The second major class of models in stochastic programming is chance-constrained programs (CCP).  A CCP model is a) similar to general stochastic programs in that the model contains random quantities with known distributions, but b) simpler in that the model has just a single decision stage and a single random outcome stage.

The goal in CCP is to make an optimal decision prior to realization of random data, while controlling the chance that constraints are violated.  Consider an LP with random matrix Ξ and random right-hand-side ω:

Min c x

Ξxi ≥ ωi   i=1...m

If we required all m realizations of Ξ x ≥ ω to be satisfied, then we would get a very conservative/expensive solution x, or no feasible solution at all.  The distinctive feature of CCP is that we require that Ξ x ≥ ω be satisfied with some prespecified probability, 0 < p < 1, as opposed to it being satisfied for all possible realizations of (Ξ,ω).

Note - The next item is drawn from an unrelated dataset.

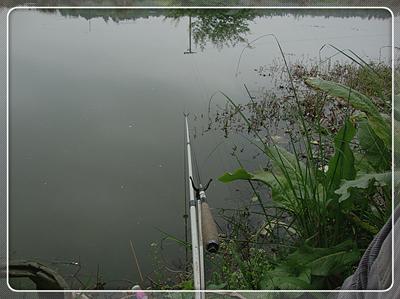 初次征战普里桥镇草坝渓 鱼获还是不错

An example of a CCP model would be a blending model where the quality level of the raw materials is not known with certainty, but have known probability distributions.  Given this variability in raw material quality, it may not always be practical to satisfy quality requirements in the final blend 100 percent of the time.  Instead, we seek to find a blend of the raw materials that will satisfy quality constraints to a specified precentage, say 90 percent, of the time.  We present this example later in the chapter in section A CCP Fuel Blending Model.